Volto, então, a ouvir a mais deslavada das mentiras: "Oh! Como você está novo! Não parece ter essa idade!". Tem vez que recebo essa estranha observação como uma provocação ou simplesmente como uma piada. Mas sempre sorrindo.
3. Disseram-me que a velhice maltrata. Pode, sim. O Mestre Rubem Alves, autor de livros primorosos, escreveu: "Os olhos dos velhos vão se enchendo de ausências". Nada doi mais, no velho, do que a ausência, temporária ou definitiva, de quem ele gosta, de quem ele ama.
Maltrata os que não aceitam a realidade e pensam que serão bonitinhos a vida toda. Um dia, se olham nos espelhos e vêm que a história é outra. Caem na real, e não se conformam com o que o tempo lhe escreveu no rosto, principalmente. Sei de gente que brigou com a velhice até morrer.
4. Amigos, os anos idos e vividos tiram, e às vezes de forma ingrata e arrasadora, uma lasquinha de todos nós, a caminho do ocaso. Surge o "pé-de-galinha", entre os olhos e as orelhas, tortura principalmente das madames, que, quando podem, logo recorrem ao cirurgião plástico, ainda que os bisturis lhes roubem o rosto que Deus lhes deu.
5. Há idosos que sofrem com medo da morte e não venham me dizer que são poucos. Eu diria melhor: medo de morrer. Os velhos com os quais converso, dizem-me que vivem a pensar no seu encontro com a dona dos cemitérios. Confessam, que abrem os jornais e a primeira coluna que visitam é o obituário. O aniversariante, antes de procurar saber das bobagens que os vivos andam fazendo, dá uma passadinha nos obituários. De repente aparece um nome querido e isso maltrata.

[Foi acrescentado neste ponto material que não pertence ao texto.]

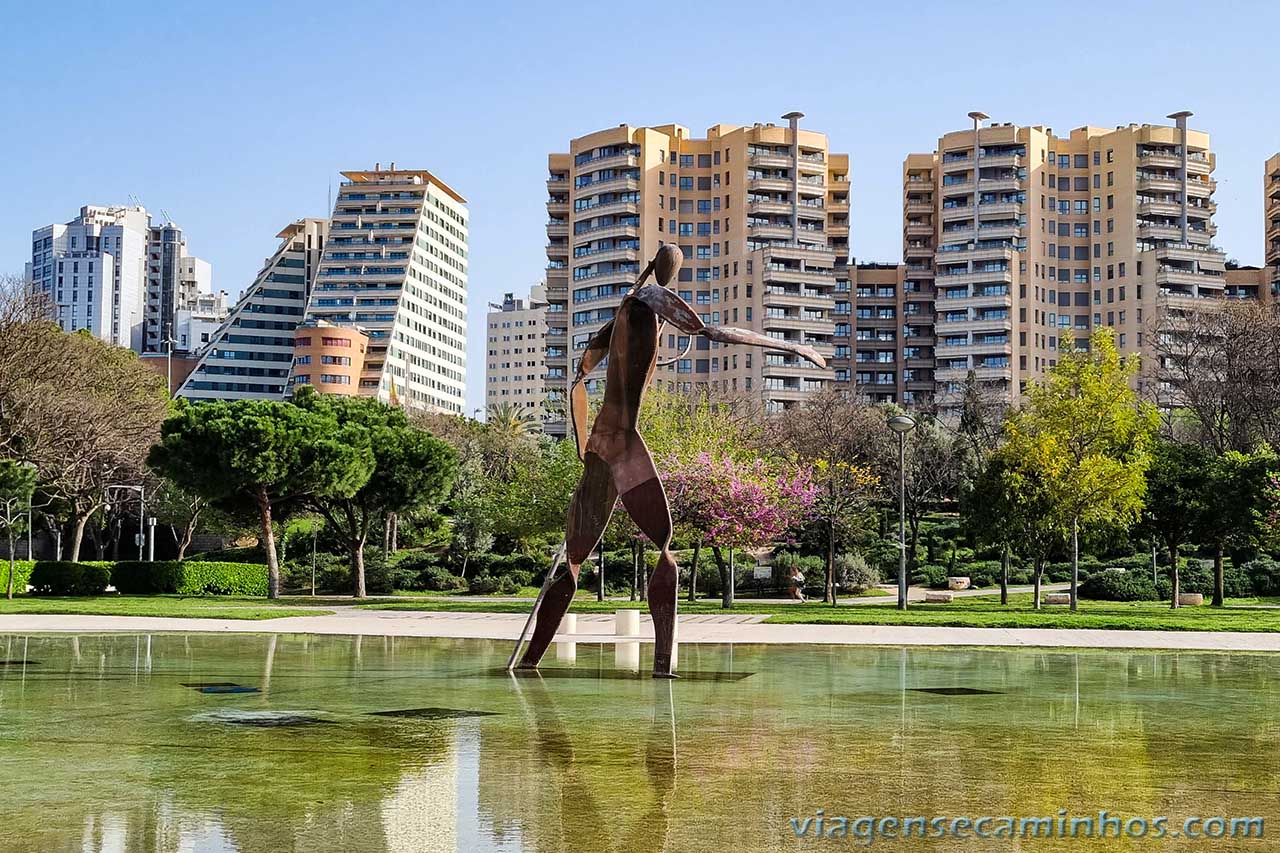 Valência - Espanha: Escultura de Netuno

6. Mas deixemos a morte pra lá. Neste 5 de março, com muita chuva em Salvador, estou homenageando minhas queridas rugas. Batendo palmas para todas, profundas ou rasas, que enfeitam meu rosto já bem cansado...
Pergunto: o leitor viu, por acaso, alguém celebrando suas rugas? O normal é escondê-las, né mesmo? E dirão alguns: "Este cronista está gagá, caduco, lesado! Aplaudindo rugas?". Nada disso. Tenho, apenas, coragem de homenageá-las, testemunhas vivas que são de minha modesta história... O saudoso escritor Artur da Távola disse, em um dos seus bonitos livros de crônicas, o seguinte: "Rosto sem rugas é vida sem biografia".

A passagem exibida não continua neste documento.